Proof: The line segment OA is the radius passing through A and AP is perpendicular to it. Hence AP is the required tangent.
Note: At any point of a circle only one tangent can be drawn.
Construction 8.
To draw a tangent to a circle from a point outside.
Let P be a point outside of a circle whose centre is O. A tangent is to be drawn to the circle from the point P.
Drawing:
- Join P,O. The middle point. M of the line segment PO is determined.
- Now with M as centre and MO as radius, a circle is drawn. Let the new circle intersect the given circle at the points A and B.
- Join A, P and B, P. Then both AP, BP are the required tangents.
Proof: A, O and B, O are joined. PO is the diameter of the circle APB,
∴ ∠PAO 1 right angle = [the angle inscribed in the semi-circle is a right angle]
So the line segment OA is perpendicular to AP. Therefore, the line segment AP is a tangent at A to the circle with centre at O. Similarly, the line segment BP is also a tangent to the circle.
Nota Bene: Two and only two tangents can be drawn to a circle from an external point.
Construction 9.
To draw a circle circumscribing a given triangle.
Let ABC be a triangle. It is required to draw a circle circumscribing it. That is, a circle which passes through the three vertices A, B and C of the triangle is to be drawn.
Drawing:
- EM and FN, the perpendicular bisectors of AB and AC respectively are drawn. Let the line segments intersect each other at O.
- A, O are joined. With O as centre and radius equal to OA, a circle is drawn.
Then the circle will pass through the points A, B and C and this circle is the required circumcircle of ∠ABC.
Proof: B, and C, O are joined. The point O stands on EM, the perpendicular bisector of AB.
OA = OB
Similarly, OA = OC
∴ OA = OB = OC
Hence, the circle drawn with O as the centre and OA as the radius passes through the three points A, B and C. This circle is the required circumcircle of ∠ABC.
Work: In the above figure, the circumcircle of an acute angled-triangle is constructed. Construct the circumcircle of an obtuse and right-angled triangles.
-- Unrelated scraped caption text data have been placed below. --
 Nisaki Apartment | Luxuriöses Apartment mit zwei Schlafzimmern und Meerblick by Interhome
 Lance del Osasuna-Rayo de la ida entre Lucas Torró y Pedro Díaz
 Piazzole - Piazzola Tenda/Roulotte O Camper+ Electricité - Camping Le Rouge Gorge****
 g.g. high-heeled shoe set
Notice that for in obtuse-angled triangle, the circumcentre lies outside the triangle, in acute-angled triangle, the circumcentre lies within the triangle and in right-angled triangle, the circumcentre lies on the hypotenuse of the triangle.
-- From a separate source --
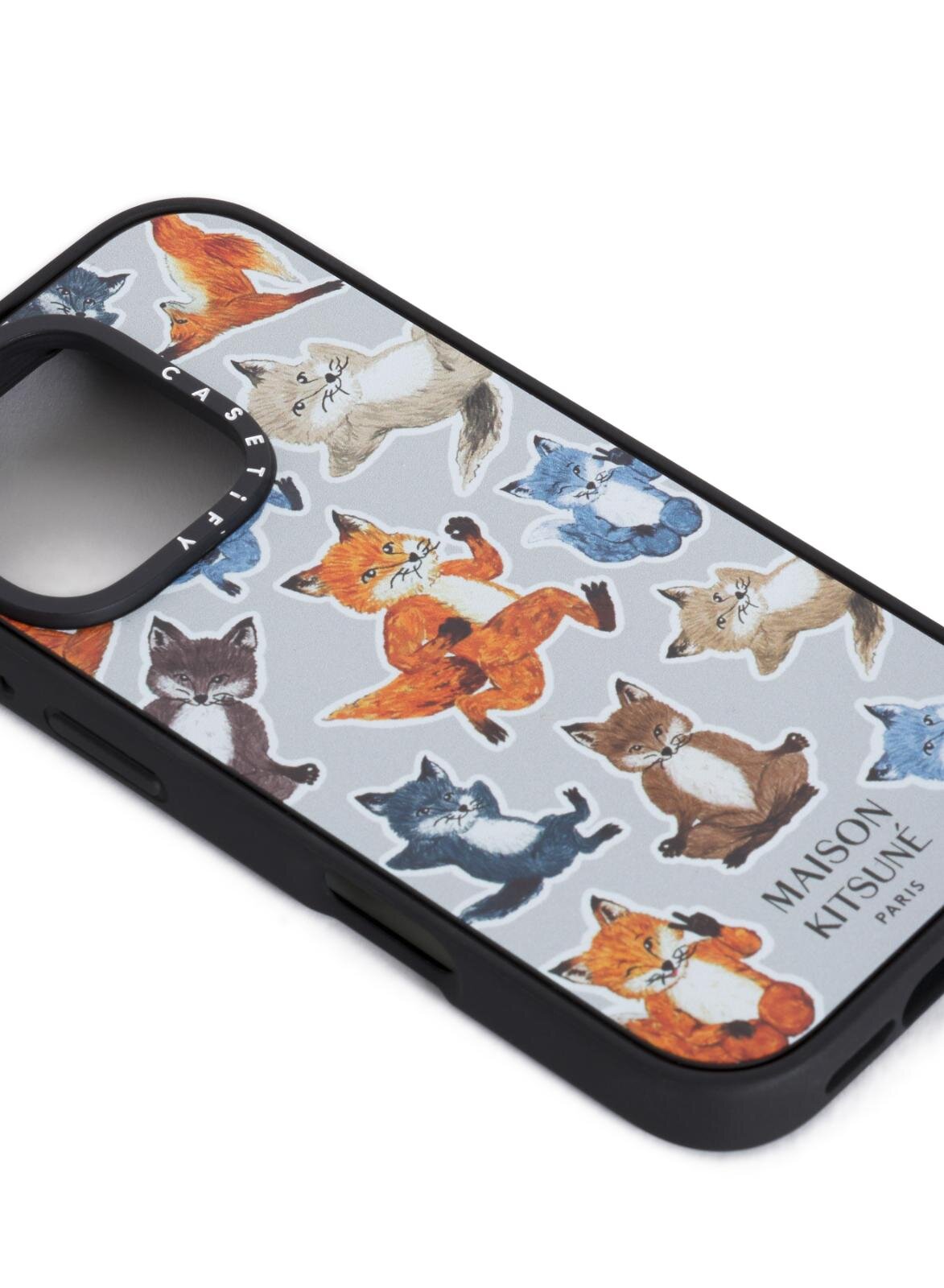 メゾン キツネ×ケースティファイのスマホケース、ステッカー風の“座禅を組む”フォックスなど｜写真42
Construction 10. To draw a circle inscribed in a triangle.
Let triangle ABC be a triangle. It is required to draw am inscribed circle. that is, to inscribe a circle in it or to draw a circle in it such that it touches each of the three sides BC, CA and AB of triangle ABC .
Drawing: BL and CM, the bisectors respectively of the angles ∠ABC and ∠ACB are drawn. Let the line segments intersect at O. OD is drawn perpendicular to BC from O and let it intersect BC B at D. With O as centre and OD as radius, a circle is drawn. Then, this circle is the required inscribed circle.
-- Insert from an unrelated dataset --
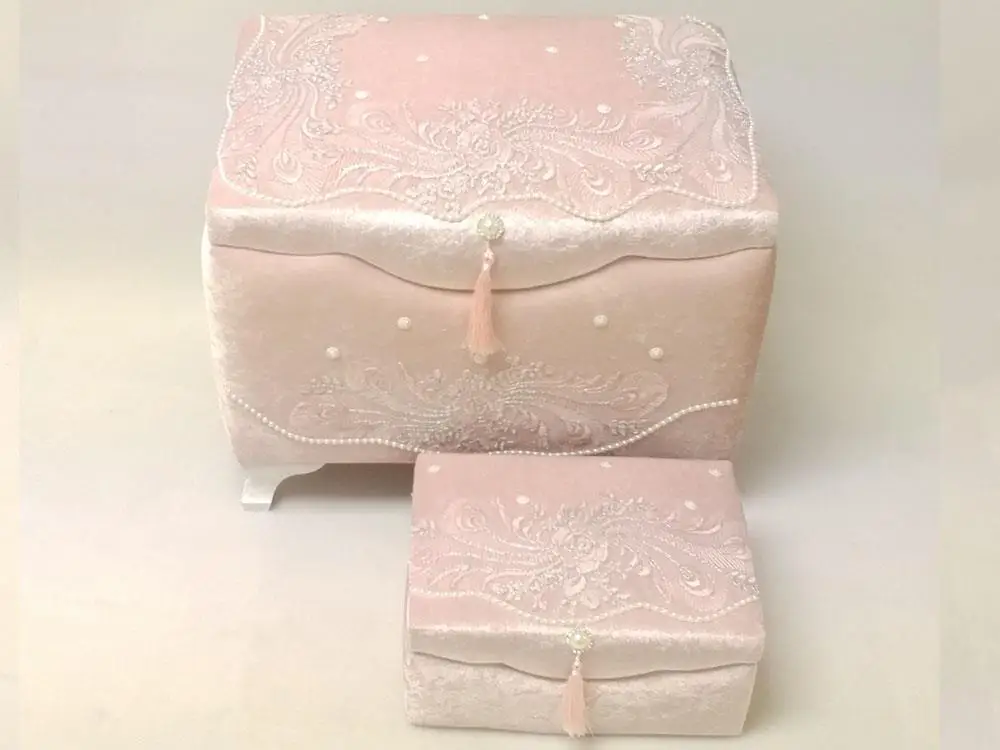 

Model Capped Ruched 2'li Dower chest Pink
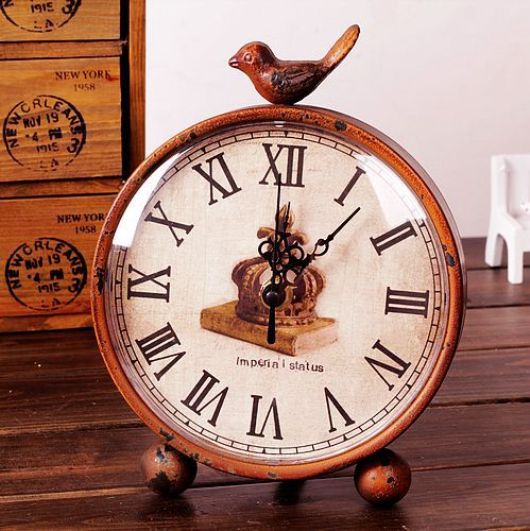 dong ho de ban co dien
Proof: From O, OE and OF are drawn perpendiculars respectively to AC and AB. Let these two perpendiculars intersect the respective sides at E and F.
The point O lies on the bisector of angle ABC .
therefore OF = OD
Similarly, as O lies on bisector of ∠ACB, OE = OD
OD = OE = OF
Hence, the circle drawn with centre as O and OD as radius passes through D, E and F.
Again, OD, OE and OF respectively are perpendiculars to BC, AC and AB at their extremities.
Hence, the circle lying inside triangle ABC touches its sides at the points D, E and F respectively. Hence, the circle DEF is the required inscribed circle of ΔABC
Construction 11. To draw an ex-circle of a given triangle.
Let ABC be a triangle. It is required to draw its ex-circle. That is, to draw a circle which touches one side of triangle and the other two sides produced.
Drawing: Let AB and AC be produced to D and F respectively.
BM and CN, the bisectors of ∠ DBC and ∠FCB respectively are drawn. Let E be their point of intersection. From E_{i} perpendicular EH is drawn on BC and let EH intersects BC at H. With E as centre and radius equal to EH, a circle is drawn.
The circle HGL is the ex-circle of the ΔABC.
Proof: From E , perpendiculars EG and EL respectively are drawn to line segments BD and CF.Let the perpendicular intersect line segments BD and CF at the point G and L respectively.
Since E lies on the bisector of ∠DBC
∴ EH = EG
Similarly, the point E lies on the bisector of ∠FCB, so, EH = EL
∴ EH = EG = EL
Hence, the circle drawn with E as centre and radius equal to EL passes through H, G and L.
Again, the line segments BC, BD and CF respectively are perpendiculars at the extremities of EH, EG and EL. Hence, the circle touches the three line segments at the three points H, G and L.
Therefore, the circle HGL is the ex-circle of triangle ABC .
Remarks: Three ex-circles can be drawn with any triangle.
Work: Construct the two other ex-circles of a triangle.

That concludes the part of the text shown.